In optical scanning systems, such as those for use in printing, facsimile and data recording, an information containing, modulated light beam is directed onto a surface at which an image of the information is formed. It is desirable to be able to properly focus a light beam over the entire image surface to provide the desired degree of resolution for good image reproduction. The image surface, which may be photographic film or paper, in these systems may be either curved or flat. An example of a known optical scanning system utilizing a curved image surface is disclosed in the U.S. Pat. No. 3,520,586 to Bousky. It is desirable however to have an optical scanning system which can properly focus a light beam on a flat surface because, for example, a flat image surface is less complicated to implement than a curved image surface. More specifically, an image field which is not flat projected onto a plane will result in loss of resolution at certain points along the field. An attempt to correct this loss of resolution may be to curve the platen but this approach leads to an excessively complicated platen design and paper handling assembly.

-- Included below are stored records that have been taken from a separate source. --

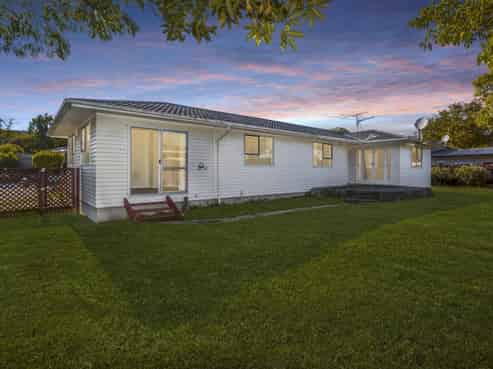 14 Indiana Grove, Totara Park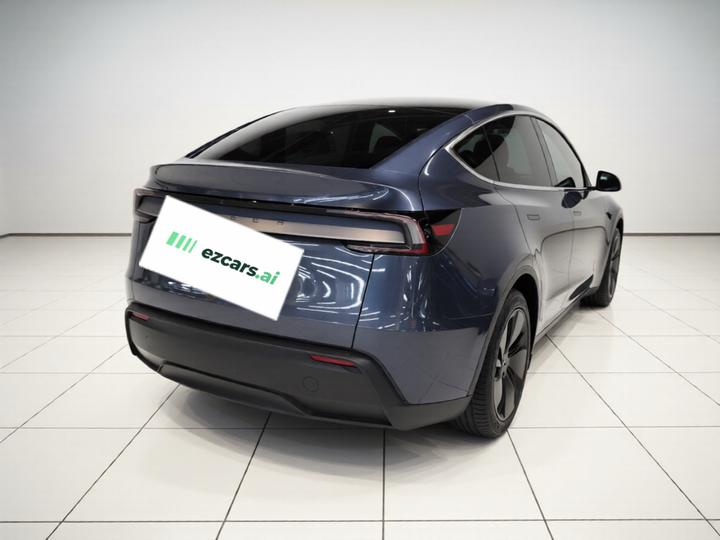 Model Y 2025 RWD photo 4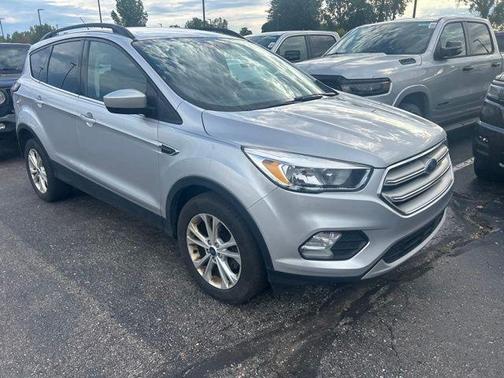 Ingot Silver 2018 Ford Escape SE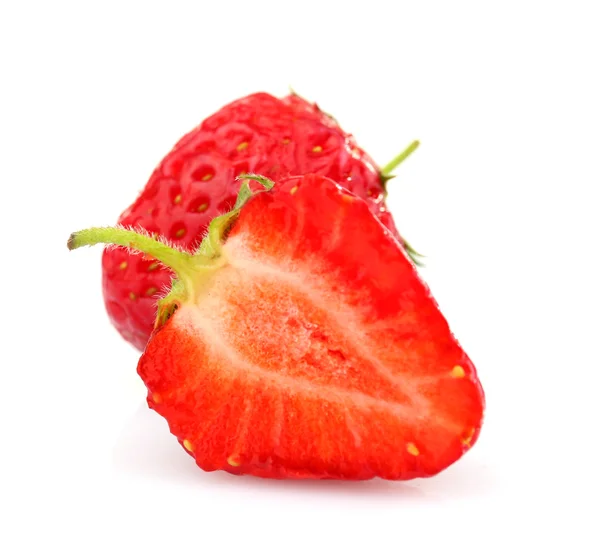 Fresas maduras aisladas en blanco — Foto de Stock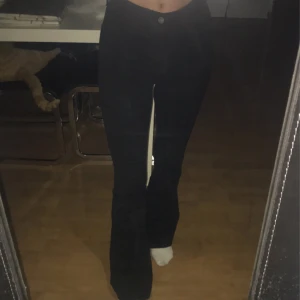 Bootcut jeans  - Ett par svarta bootcut jeans! Har inte kommit till användning på det senaste! Dragkedjan är lite sönder, men funkar perfekt att använda ändå! Storlek 34/XS! Jag är 163 cm! Formar rumpan mycket fint! Hör av er gärna vid frågor elr intresse! 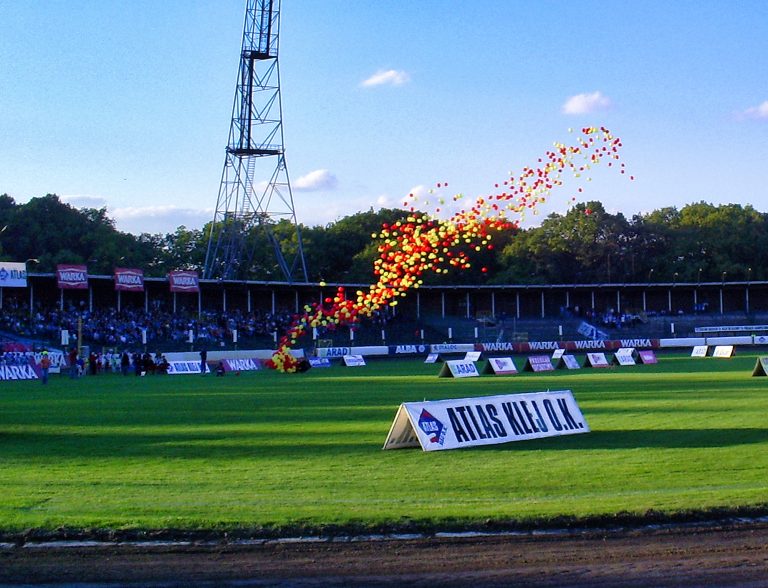 Puszczanie 1000 balonów z helem na Stadionie Olimpijskim we Wrocławiu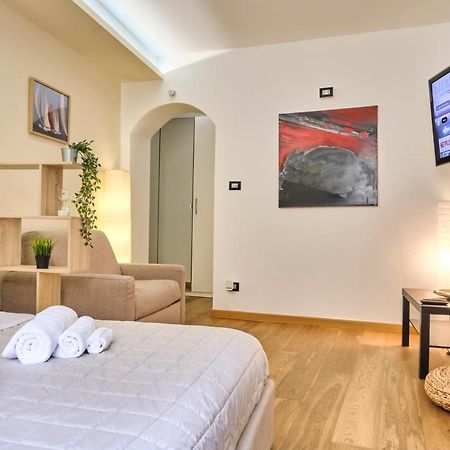 Centro-Lecco Romantico Appartamento Sul Lago Bagian luar foto
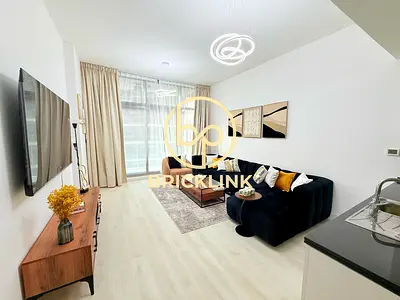 Luxury 1BR | Balcony with Golf View | Tenanted Unit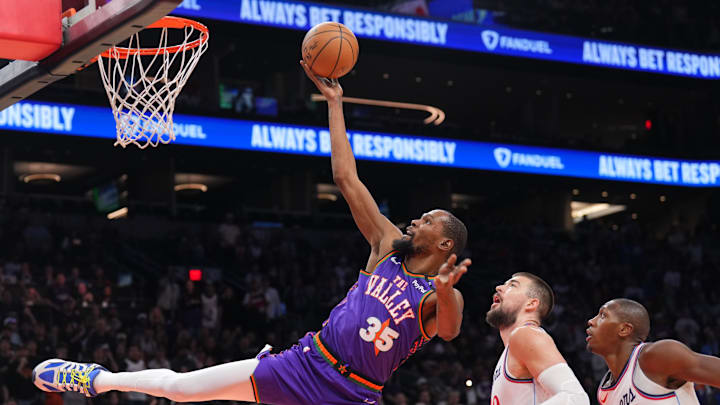 Mar 4, 2025; Phoenix, Arizona, USA; Phoenix Suns forward Kevin Durant (35) shoots against the LA Clippers during the second half at PHX Center. Mandatory Credit: Joe Camporeale-Imagn Images Mar 4, 2025; Phoenix, Arizona, USA; Phoenix Suns forward Kevin Durant (35) shoots against the LA Clippers during the second half at PHX Center. Mandatory Credit: Joe Camporeale-Imagn Images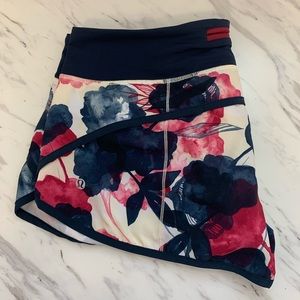 Lululemon Speed Shorts Inky Floral Ghost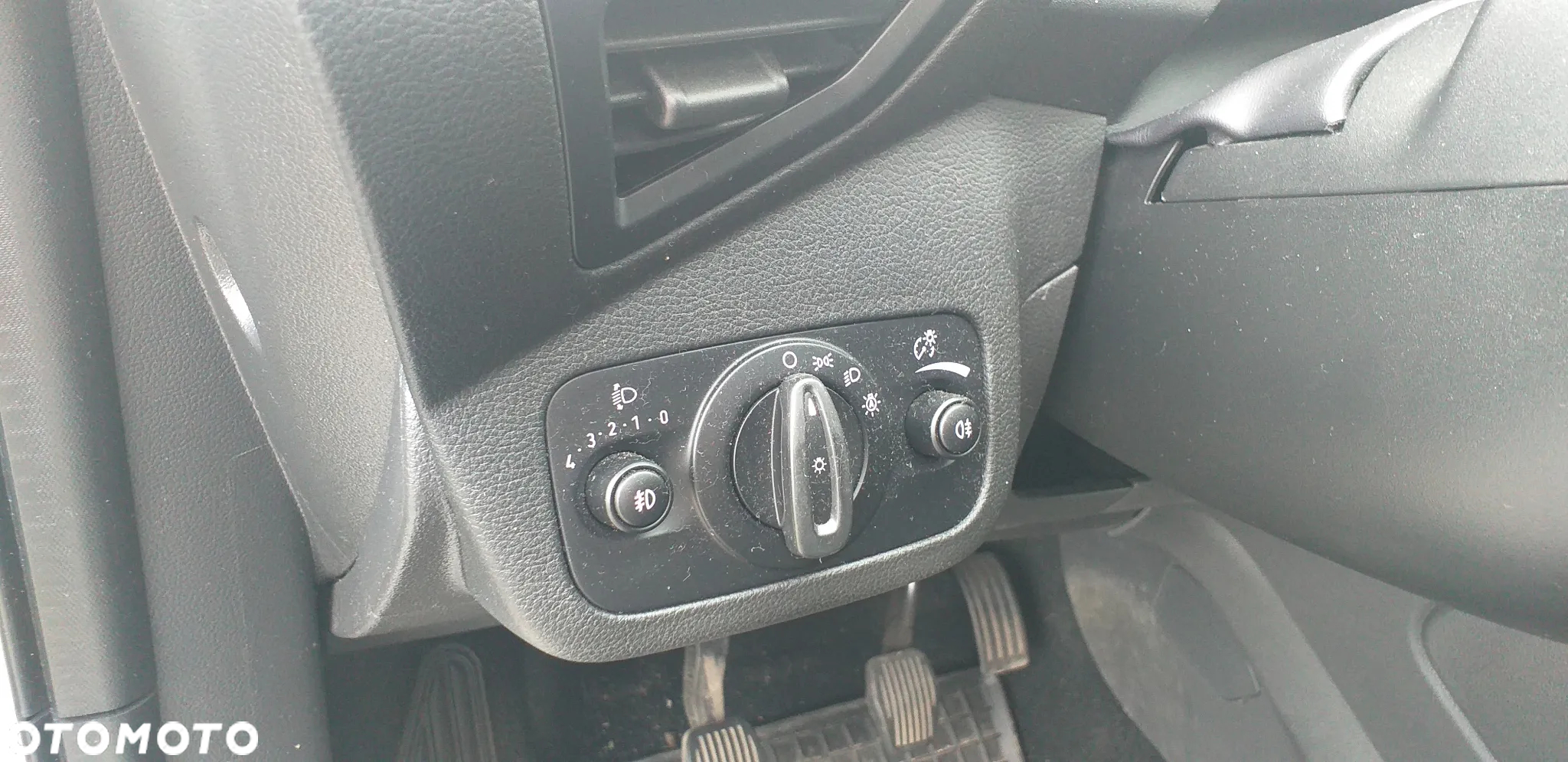 Ford Kuga 1.5 EcoBoost FWD Titanium ASS MMT6 - 8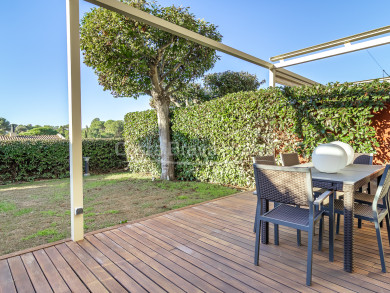 Casa adossada en venda a Llafranc amb jardí privat i piscina a 300 m de la platja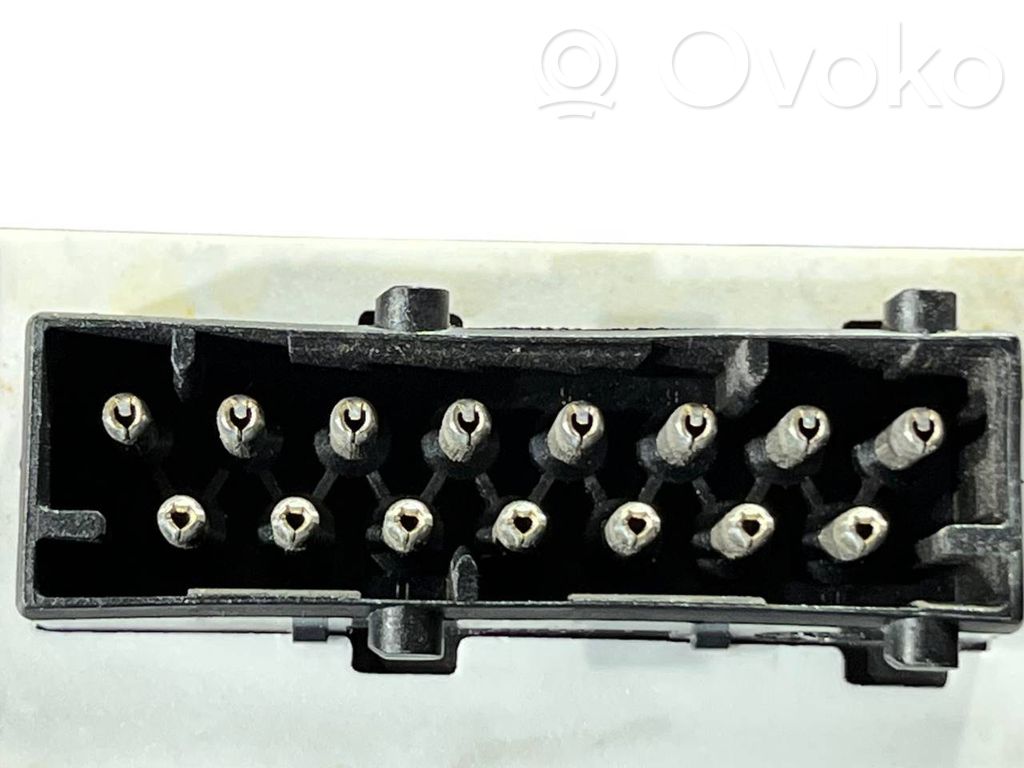 Trailer hitch control unit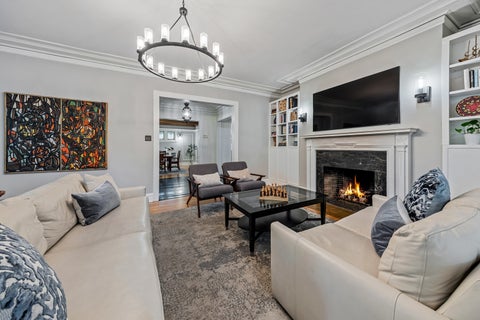 Tiny photo for 600 N Ridgeland Avenue, Oak Park, IL 60302 (MLS # 12776824)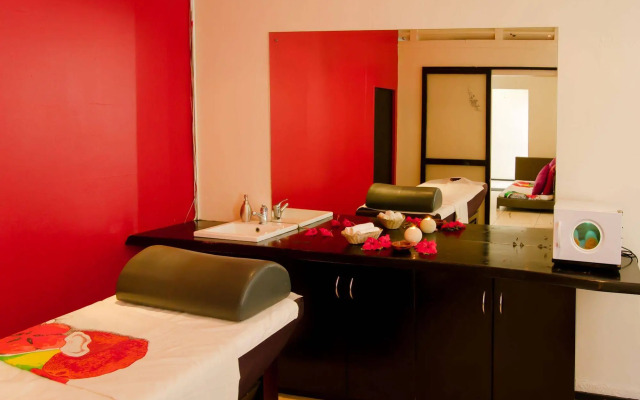 Nakelo Treasure Island Resort & Spa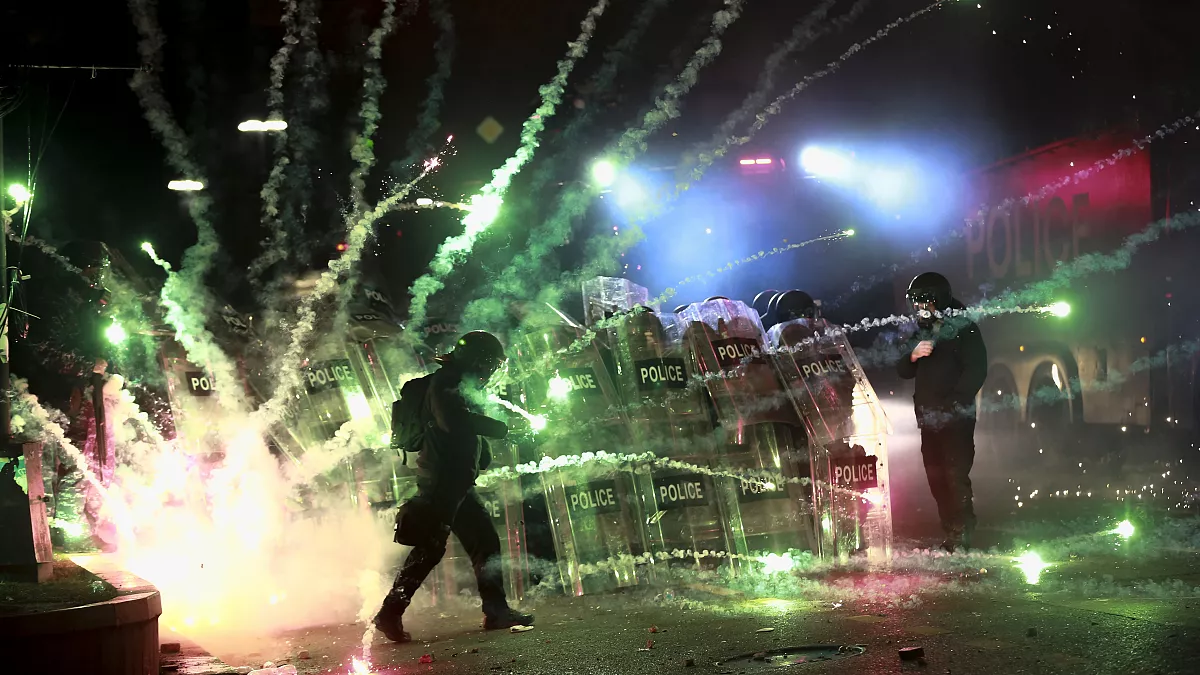 Protesters Rally Across Georgia for Third Night in Response to EU Membership Decision 1 Georgia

Optical scanning systems are known wherein a light beam is scanned over a flat image surface. In a typically known optical scanning system, a beam of collimated radiation from a source is directed toward a scanning device, which in turn redirects the collimated light beam to a multi-element lens assembly that focuses the collimated light beam on a flat field. The multi-element lens assembly was considered necessary to provide the degrees of freedom needed to achieve the desired focal power and to correct for lens aberrations, such as astigmatism, spherical aberration, comma and petzval curvature. For example, the collimated beam of light, when scanned, appears to the focusing lens assembly as radiating from a flat surface. Therefore, the focusing lens assembly is required to overcome the petzval curvature effect in which a flat surface is imaged as a curved surface. As a result, the number of corrections required to be made in such an optical scanning system and the number of degrees of freedom available for optical design have necessitated a multi-element lens assembly if an undesirable compromise in the optical design is to be avoided.
However, the multi-element lens approach is expensive, not only due to the number of elements required, but also due to the added accuracy to which the lens surfaces are required to be polished. As a general rule, the larger the number of elements, the higher the degree of accuracy needed in surface polishing because the defects in such surfaces generally tend to be accumulative rather than canceling.
In the case of coherent light, such as that from lasers, a multi-element lens tends to create further problems because any imperfections in the surfaces create an undesirable scattering effect which results in undesirable beam interference patterns. In addition, the greater the number of optical elements, the more surfaces there are available for dust collection, which also scatters coherent light and also creates interference problems.